[Date Prev][Date Next]
[Chronological]
[Thread]
[Top]
Re: (ITS#8490) changes not written to accesslog, causing replicas to loop syncing
- To: openldap-its@OpenLDAP.org
- Subject: Re: (ITS#8490) changes not written to accesslog, causing replicas to loop syncing
- From: quanah@zimbra.com
- Date: Thu, 01 Sep 2016 07:58:24 +0000
- Auto-submitted: auto-generated (OpenLDAP-ITS)
--On Thursday, September 01, 2016 8:05 AM +0000 quanah@zimbra.com wrote:
> --On Thursday, September 01, 2016 7:52 AM +0000 quanah@openldap.org wrote:
>
>> Full_Name: Quanah Gibson-Mount
>> Version: OpenLDAP 2.4.44
>> OS: Linux 2.6
>> URL: ftp://ftp.openldap.org/incoming/
>> Submission from: (NULL) (75.111.52.177)
>>
>>
>> In a 2-node MMR setup. Node 1 is getting a lot of write traffic. Both
>> node 1 and node 2 have 3 replicas each. At some point, a change is
>> received by node 1, which writes the change to its accesslog DB and its
>> primary DB. It's 3 replicas are all correctly updated. MMR node 2
>> receives the change, updates its primary DB, but *fails* to write the
>> change to the accesslog DB. However, it *does* write the CSN update to
>> the accesslog DB successfully. This causes all of its replicas to also
>> update their CSN. Then a change comes in triggering a constraint
>> violation on the replicas, but fully accepted by their master.
>
> So the above summary is incorrect. While 3 replicas did go out of
> sync... 2 belonged to the primary master (node1), and 1 belonged to the
> secondary master (node 2). So really, 4 systems didn't log the change
> (MMR node 2, ldap05, ldap07, ldap09).
Ok, so that's not correct either. I now have the correct topography:
ldap01 has the following replicas: ldap02, ldap05, ldap07, ldap09
ldap02 has the following replicas: ldap01, ldap06, ldap08, ldap10
So the replicas of ldap01 received the change and rejected it. ldap02 just
skipped writing the entry to the accesslog, and as a result, none of its
replicas ever got the change, and thus they never hit the failure issue of
err 19, but they all are now lacking this modification entirely.

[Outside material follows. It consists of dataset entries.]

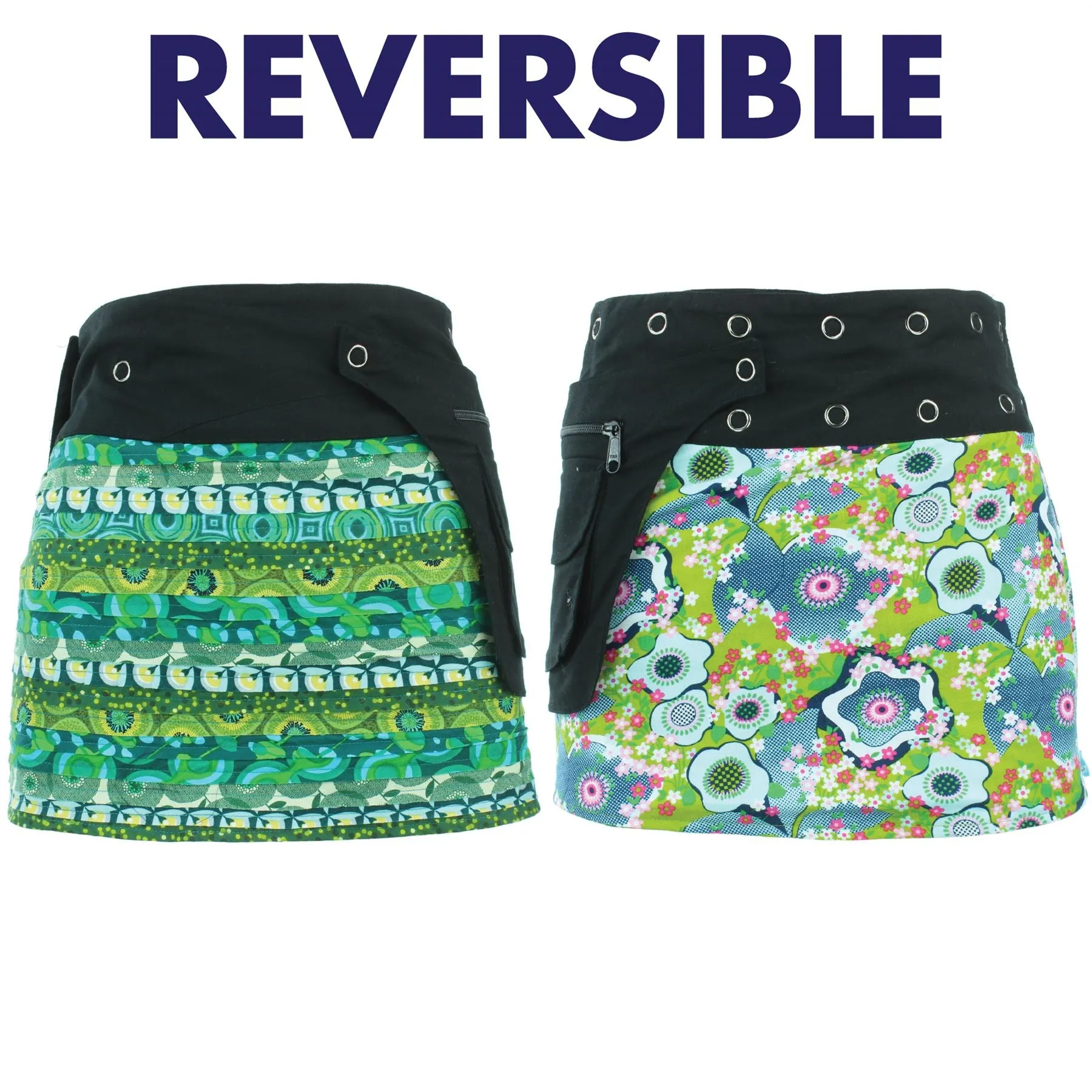 Reversible Popper Wrap Mini Skirt - Green Patch Strips / Floral Oyster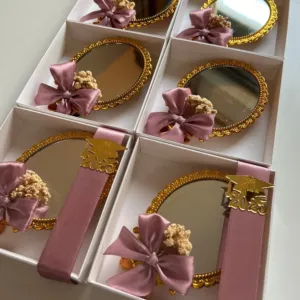 Custom Handmade Mirror Favors with Natural Flower Accents for Event Gifts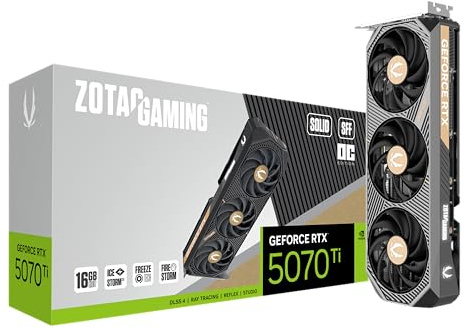 ZOTAC Gaming GeForce RTX 5070 Ti Solid SFF OC DLSS 4 16 Go GDDR7 256-bit 28 Gbps PCIE 5.0 Carte Graphique de Jeu, Refroidissement avancé IceStorm 2.0, ZT-B50710J3-10P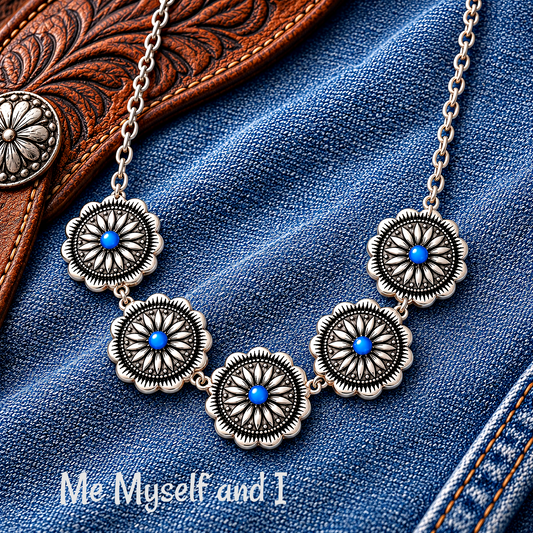 Me-dallions, Myself, and I - Blue  Necklace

I would note that every server was loaded today from the same ldap backup,
so they were all perfectly in sync.
In looking at the LDAP accesslog, what I see is that what should have been
a modRDN op was stored in the accesslog as a MOD op (the one I noted
before). This seems particularly bizarre, because ldap01 should have
rejected this change as well. It appears we may have a problem where the
accesslog DB is updated, but then the change got rejected by the unique
overlay.
--Quanah
--
Quanah Gibson-Mount